I am honored to have been asked to introduce Bill Fisher to the assembled Company tonight as our newest Sudbury Savoyard Yeoman of Regard. I was a member of the Board of Trustees in 2002 and 2003 when we created and codified the recognition program. Our first class of honorees were Founders of the Company, mostly the church members who created and supported the concepts of the Savoyards in the early years. But if you are familiar with our history as recounted in our show programs over the years, you may consider that the Savoyards have been founded twice.

From the beginning, SUMC was open and welcoming to community participation in their annual Gilbert and Sullivan productions. By the end of the 1960s, the productions had grown beyond the capacity of the stage in Town Hall, our first home, and had moved to the large theater at the old Lincoln-Sudbury Regional High School. Through the 1970s, the Savoyards continued to perform G&S every year, and by the early 1980s, the outside community realized that they needed to step up and more formally share the burden of planning and producing with SUMC members if the Savoyards were to survive. I have long considered this to be the Second Founding of the Savoyards, and it is a member of that round of Founders we recognize tonight.

As our honoree will shortly explain to you, he “wandered in” to the Savoyards in 1984 as a music and theater lover with no presentable performing skills, but keen awareness that not all that goes into a production is danced, acted, or sung. He started as a stagehand, and soon became a Stage Manager, the position for which he is perhaps most well known.

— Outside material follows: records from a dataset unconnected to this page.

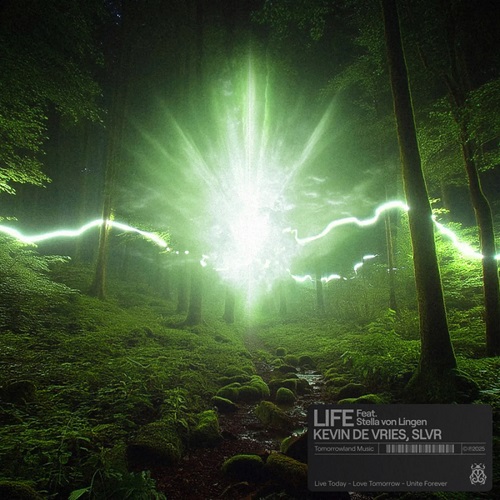 Скачать песню Kevin De Vries & Slvr feat. Stella Von Lingen - Life (Original Mix)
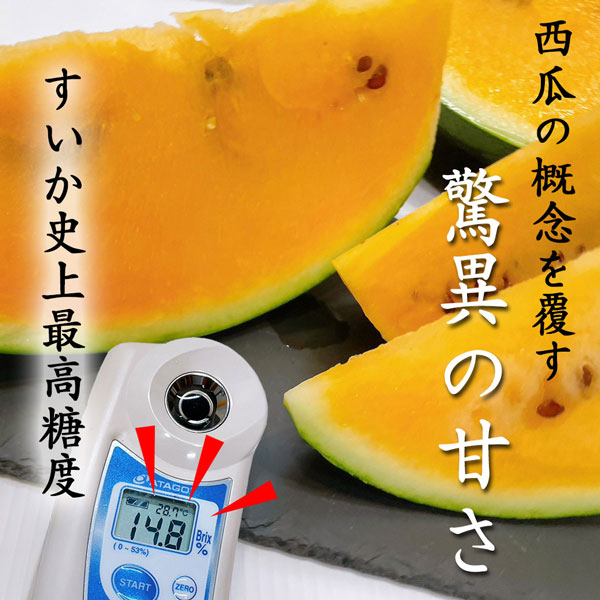 スイカ 熊本県産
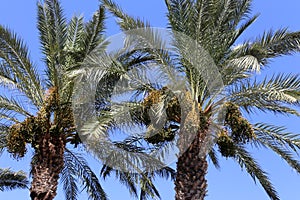 Fruits ripen in the garden on date palms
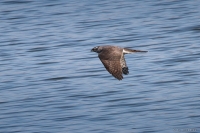 2013_DWg_Spe_02.JPG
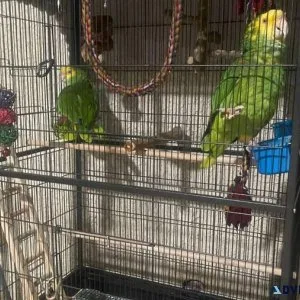 Amazon Parrots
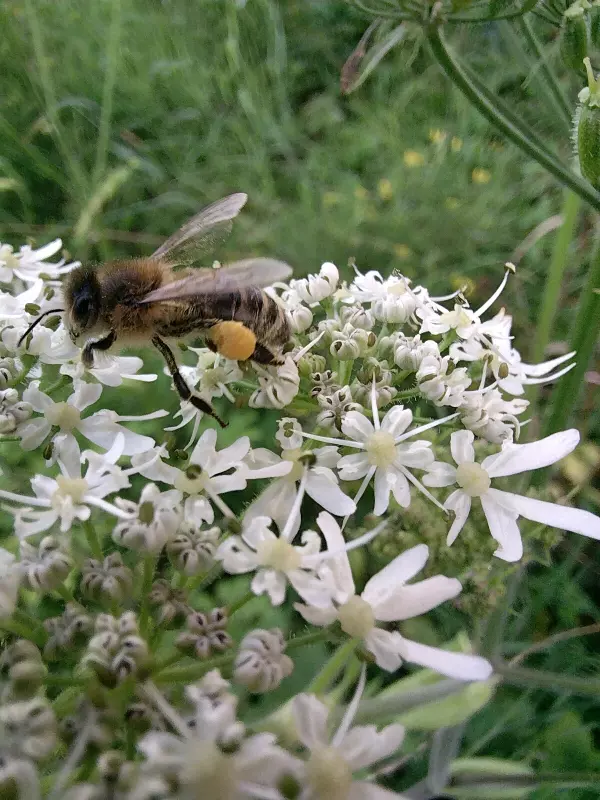 Чайная беседка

But he also recognized that not all that is needed to put on a production happens anywhere near a stage.

One criterion for elevation to Yeoman is “Founding effort in one or more programs that have come to define the Company.” Bill was a member of the first elected Board of Trustees of the Sudbury Savoyards, in 1986. In that role he helped create our organization’s production handbook, our Task Lists, which even today other theater groups marvel at for its ability to cogently guide productions that may involve as many as two hundred people.

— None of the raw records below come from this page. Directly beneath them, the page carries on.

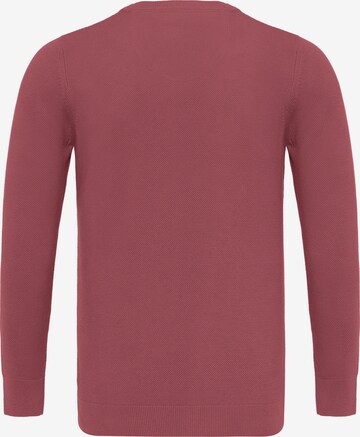 DENIM CULTURE Sweater ' NOVAK ' in Red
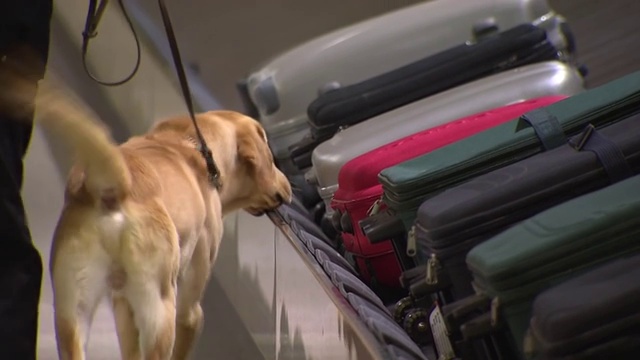 训练缉毒犬视频素材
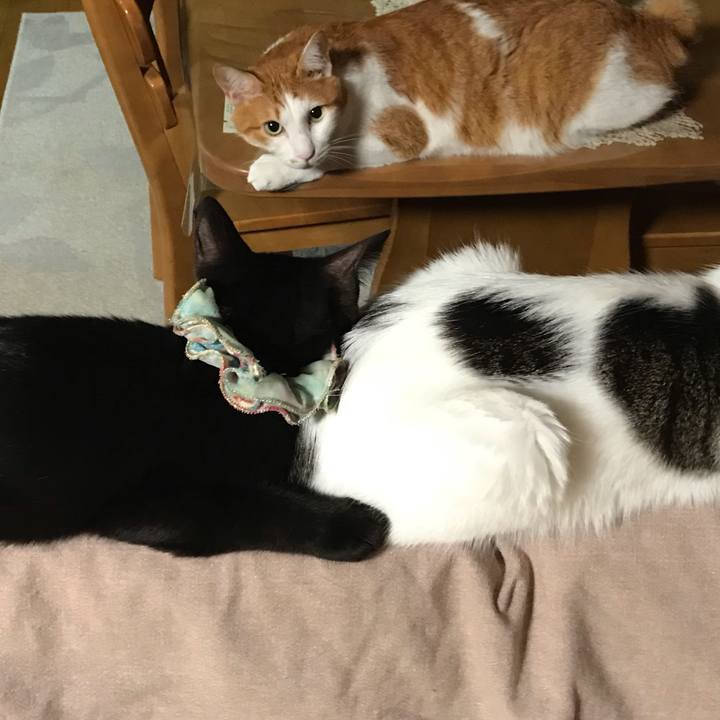 21aa2e8d 7c47 4739 b74e ae5cab87f136 1567162664776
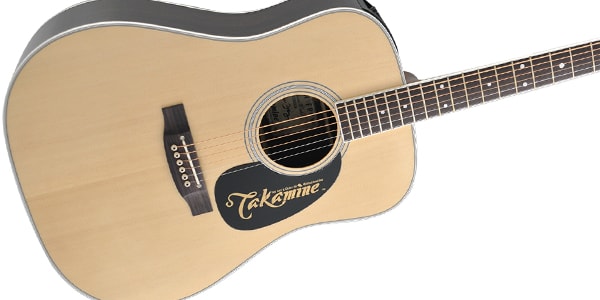 TAKAMINE ( タカミネ )  / EF360GF Natural画像2
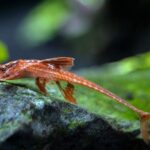 Lorycaria Red Lyzard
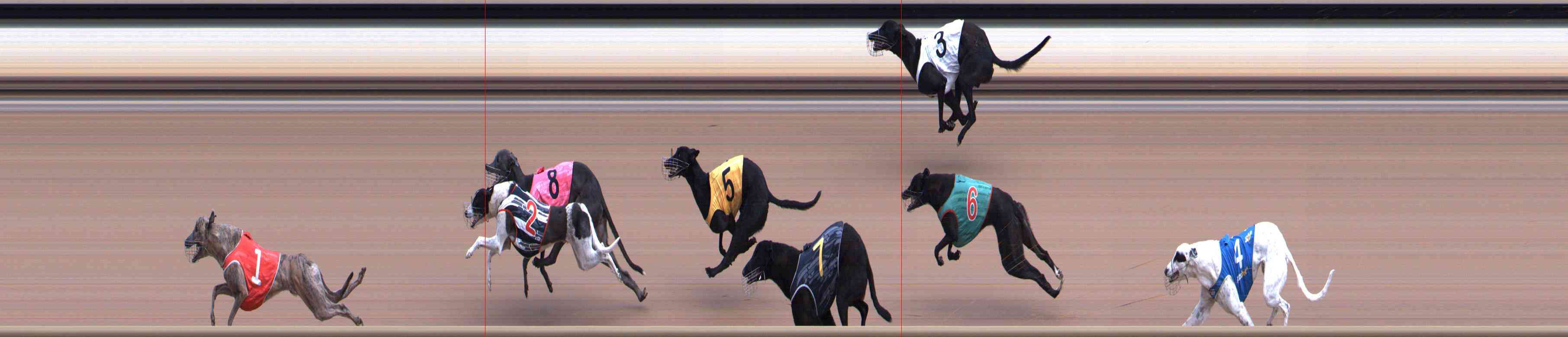 Race result finish photo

Other criteria include “Breadth of significant contribution to the Company across disciplines,” and “Continuing service in areas not always visible to the Company or the public...” Bill has done just about everything in this Company that doesn’t involve actually appearing on stage - read his bio in the playbill for his self-evaluation in that regard. Bill has been an usher, a Trustee, and the group’s Secretary, and has managed the databases and distribution lists of our membership and patrons that keep us together and in contact with our audiences. He pioneered the use of digital photography to assist in our audition processes. He has been a fixture at Saturday work days forever, helping whoever needs a hand, in whatever chore, and taking on the most hum-drum of tasks. (He has introduced an untold number of newcomers to screw-sorting, and he has reportedly memorized the Sudbury Pizza menu so as to assist them in what to order for lunch.) It was at Bill’s initiative that we started videotaping our productions, working as a liaison with one of the founders of one of the first computer-based video editing systems companies. In recent years, Bill has overseen the conversion of our old VHS tapes to more permanent DVDs. This year he videotaped rehearsals to capture dance steps for cast members to review online. This is the kind of stuff he has been doing for thirty years, often at his own initiative.

And if you don’t know where the jellybeans are, you have not made a good enough friend in Bill.

So with no further ado, I am pleased to introduce to you the Sudbury Savoyards’ nineteenth Yeoman of Regard, William (Mr.) Fisher.